▸ GOAL OF THE EXERCISE: All lines of the material that contain "Cotton" must be copied out.

▸ RECORDED DATA:
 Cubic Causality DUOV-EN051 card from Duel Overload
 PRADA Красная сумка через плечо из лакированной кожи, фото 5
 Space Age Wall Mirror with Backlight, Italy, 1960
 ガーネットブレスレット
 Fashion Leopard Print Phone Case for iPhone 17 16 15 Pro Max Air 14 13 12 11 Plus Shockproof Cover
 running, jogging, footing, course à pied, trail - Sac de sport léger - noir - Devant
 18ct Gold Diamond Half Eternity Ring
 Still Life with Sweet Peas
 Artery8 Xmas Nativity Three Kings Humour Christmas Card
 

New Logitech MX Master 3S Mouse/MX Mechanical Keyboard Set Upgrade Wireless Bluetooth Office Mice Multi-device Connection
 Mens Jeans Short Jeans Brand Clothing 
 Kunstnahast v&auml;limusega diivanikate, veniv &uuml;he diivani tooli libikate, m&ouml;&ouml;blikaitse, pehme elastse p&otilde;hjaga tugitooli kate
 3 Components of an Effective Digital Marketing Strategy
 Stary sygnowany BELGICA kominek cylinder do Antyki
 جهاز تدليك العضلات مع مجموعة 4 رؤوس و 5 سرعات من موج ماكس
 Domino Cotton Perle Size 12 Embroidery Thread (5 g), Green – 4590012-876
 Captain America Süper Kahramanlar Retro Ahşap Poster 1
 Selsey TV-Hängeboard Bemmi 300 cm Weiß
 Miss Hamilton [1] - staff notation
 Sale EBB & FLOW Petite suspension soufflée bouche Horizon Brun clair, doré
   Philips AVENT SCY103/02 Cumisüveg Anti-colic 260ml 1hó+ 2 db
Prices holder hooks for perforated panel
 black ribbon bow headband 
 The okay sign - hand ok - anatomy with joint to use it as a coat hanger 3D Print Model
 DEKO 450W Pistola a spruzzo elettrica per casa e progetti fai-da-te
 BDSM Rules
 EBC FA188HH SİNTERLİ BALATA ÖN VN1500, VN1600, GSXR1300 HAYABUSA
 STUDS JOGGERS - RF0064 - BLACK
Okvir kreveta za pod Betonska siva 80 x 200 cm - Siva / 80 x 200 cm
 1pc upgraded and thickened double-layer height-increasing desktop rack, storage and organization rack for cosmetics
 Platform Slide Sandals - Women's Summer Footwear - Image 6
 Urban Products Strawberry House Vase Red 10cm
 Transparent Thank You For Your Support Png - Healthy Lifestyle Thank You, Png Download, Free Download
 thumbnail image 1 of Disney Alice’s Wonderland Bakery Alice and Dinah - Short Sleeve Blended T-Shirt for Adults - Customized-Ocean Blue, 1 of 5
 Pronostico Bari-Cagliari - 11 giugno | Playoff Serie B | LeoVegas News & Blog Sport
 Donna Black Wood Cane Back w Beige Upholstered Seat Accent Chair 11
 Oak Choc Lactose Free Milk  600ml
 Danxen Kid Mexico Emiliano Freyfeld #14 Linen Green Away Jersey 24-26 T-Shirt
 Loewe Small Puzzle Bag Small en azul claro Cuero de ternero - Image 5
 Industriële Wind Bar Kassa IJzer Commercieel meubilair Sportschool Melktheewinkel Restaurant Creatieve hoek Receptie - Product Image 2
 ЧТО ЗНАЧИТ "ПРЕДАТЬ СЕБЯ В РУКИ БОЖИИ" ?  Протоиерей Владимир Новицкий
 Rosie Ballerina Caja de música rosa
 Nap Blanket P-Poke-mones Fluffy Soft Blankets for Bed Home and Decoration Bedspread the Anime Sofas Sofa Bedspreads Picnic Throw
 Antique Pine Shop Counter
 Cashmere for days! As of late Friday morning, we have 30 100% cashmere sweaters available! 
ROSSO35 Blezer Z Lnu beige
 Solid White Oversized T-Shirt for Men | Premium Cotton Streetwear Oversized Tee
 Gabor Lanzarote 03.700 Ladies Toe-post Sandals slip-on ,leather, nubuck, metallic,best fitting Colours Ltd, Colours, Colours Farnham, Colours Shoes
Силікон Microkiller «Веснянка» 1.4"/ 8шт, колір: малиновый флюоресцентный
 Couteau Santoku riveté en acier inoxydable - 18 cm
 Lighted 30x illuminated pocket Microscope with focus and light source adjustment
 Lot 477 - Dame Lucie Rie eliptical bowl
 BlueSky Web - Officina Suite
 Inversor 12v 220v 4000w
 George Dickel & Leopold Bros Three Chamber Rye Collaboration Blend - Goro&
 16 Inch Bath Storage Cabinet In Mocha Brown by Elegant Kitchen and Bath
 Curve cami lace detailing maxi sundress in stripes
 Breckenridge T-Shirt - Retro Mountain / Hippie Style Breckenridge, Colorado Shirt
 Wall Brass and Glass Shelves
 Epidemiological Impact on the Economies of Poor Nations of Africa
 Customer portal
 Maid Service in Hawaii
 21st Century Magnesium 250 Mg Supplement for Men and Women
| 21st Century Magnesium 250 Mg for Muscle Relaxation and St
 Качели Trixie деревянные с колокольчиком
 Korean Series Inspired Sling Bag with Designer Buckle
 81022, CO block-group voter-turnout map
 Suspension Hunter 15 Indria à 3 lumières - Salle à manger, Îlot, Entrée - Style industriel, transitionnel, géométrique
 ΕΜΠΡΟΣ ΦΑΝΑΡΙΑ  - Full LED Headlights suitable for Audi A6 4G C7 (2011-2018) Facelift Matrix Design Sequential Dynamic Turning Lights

▸ EXERCISE ANSWER:
 Domino Cotton Perle Size 12 Embroidery Thread (5 g), Green – 4590012-876
 Solid White Oversized T-Shirt for Men | Premium Cotton Streetwear Oversized Tee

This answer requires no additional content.